#### What the task asks
The expected output is every line of the data exactly as shown, minus the images.

Data to use below:

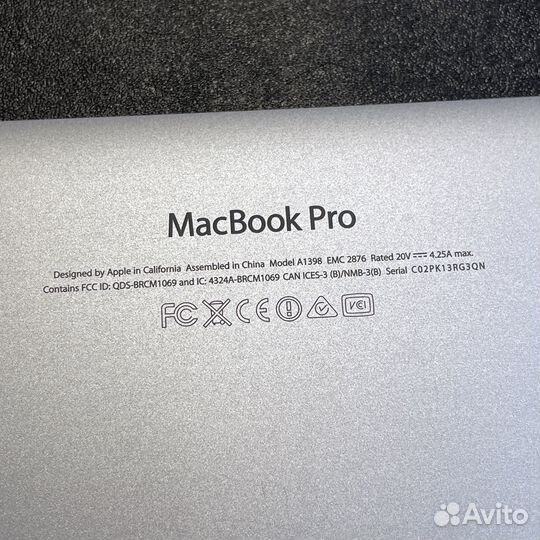 Нижняя крышка MacBook Pro 15 2013-2015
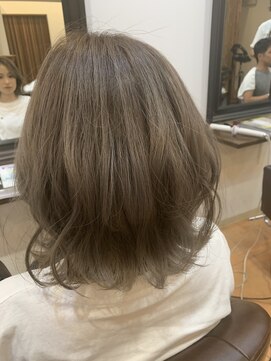 グリッター (Glitter) 20代30代40代50代☆くびれボブディ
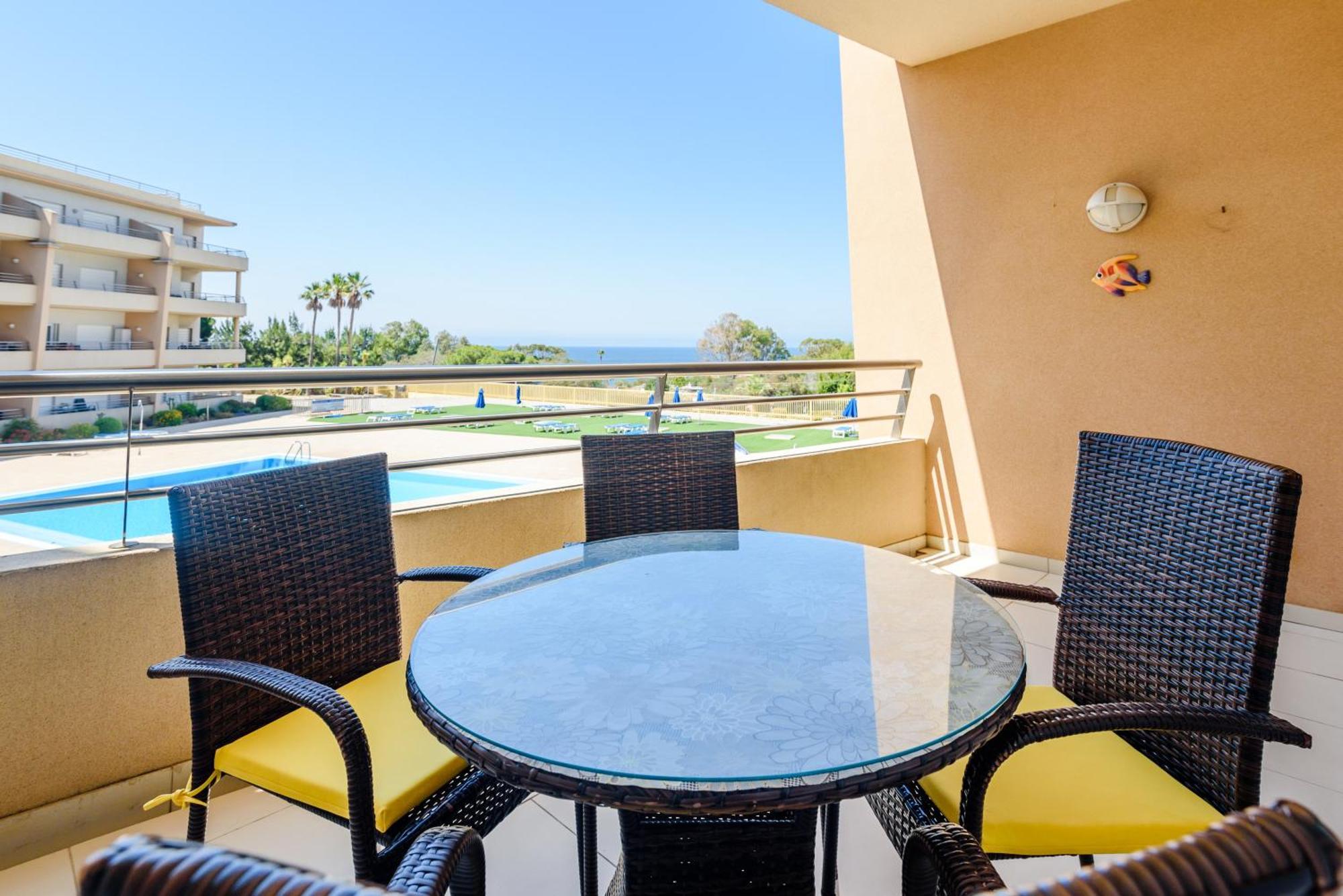 Algarve Beach Apartments อัลบูเฟรา ภายนอก รูปภาพ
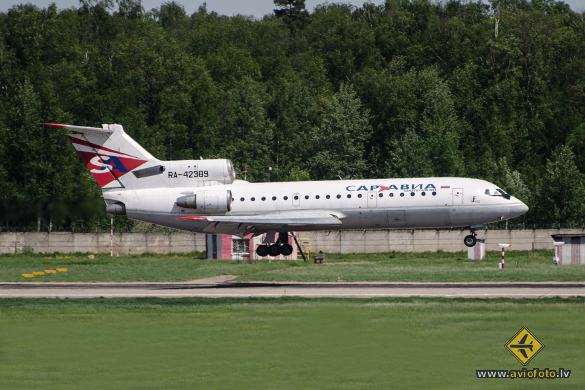 Yakovlev Yak-42D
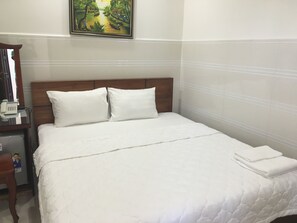 Escritorio, cortinas blackout, camas extra y wifi gratis 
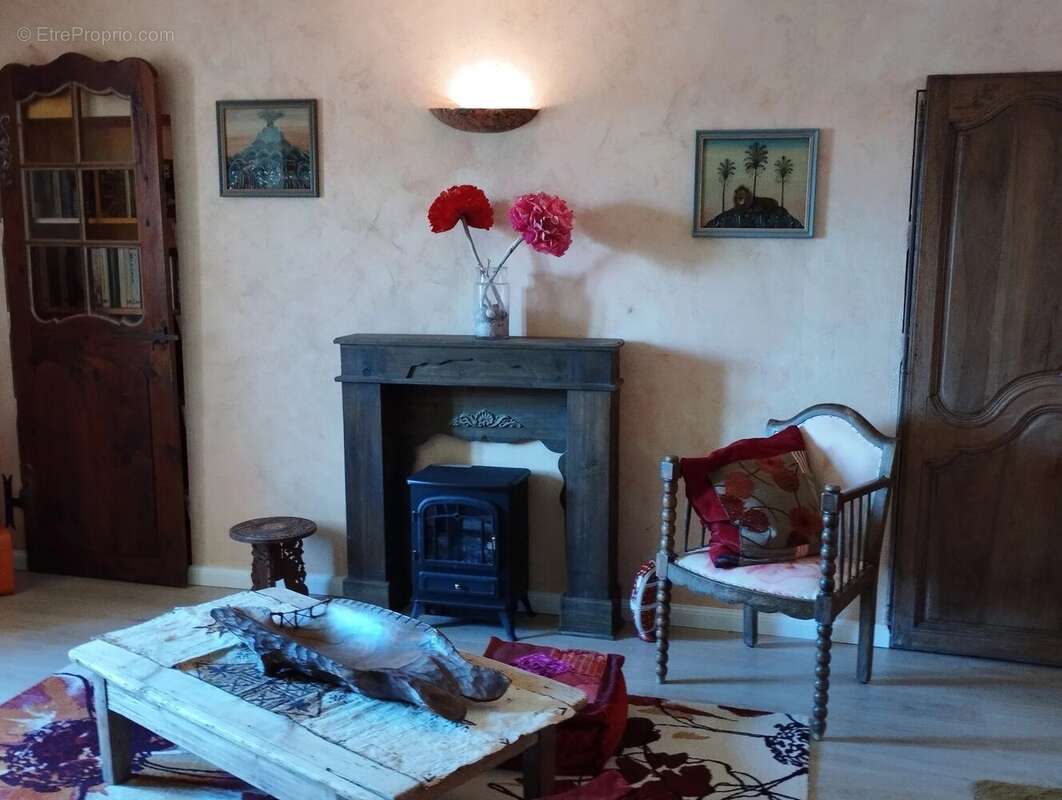 Appartement à COURSEGOULES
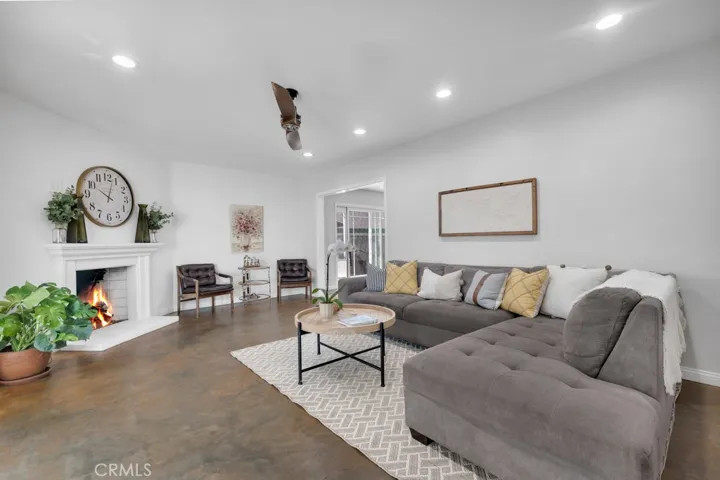 9620 Crebs Avenue, Northridge, California 91324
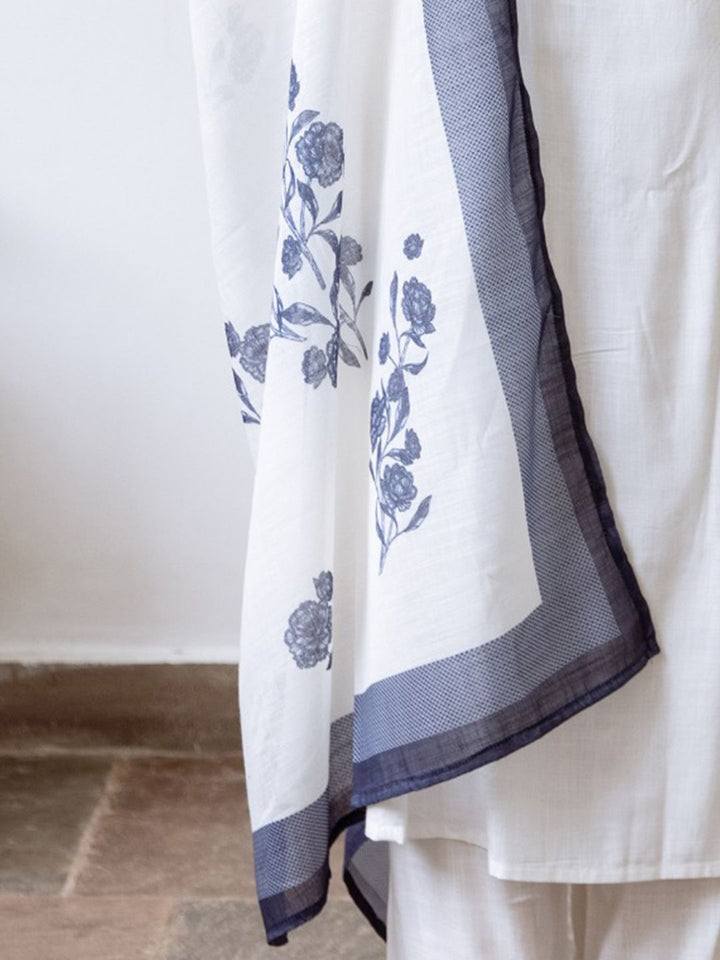 Indo Era Women Floral Embroidered Regular Thread Work Pure Cotton Kurta with Trousers & With Dupatta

End of Data to use.

#### The answer
 Нижняя крышка MacBook Pro 15 2013-2015
 グリッター (Glitter) 20代30代40代50代☆くびれボブディ
 Algarve Beach Apartments อัลบูเฟรา ภายนอก รูปภาพ
 Yakovlev Yak-42D
 Escritorio, cortinas blackout, camas extra y wifi gratis 
 Appartement à COURSEGOULES
 9620 Crebs Avenue, Northridge, California 91324
 Indo Era Women Floral Embroidered Regular Thread Work Pure Cotton Kurta with Trousers & With Dupatta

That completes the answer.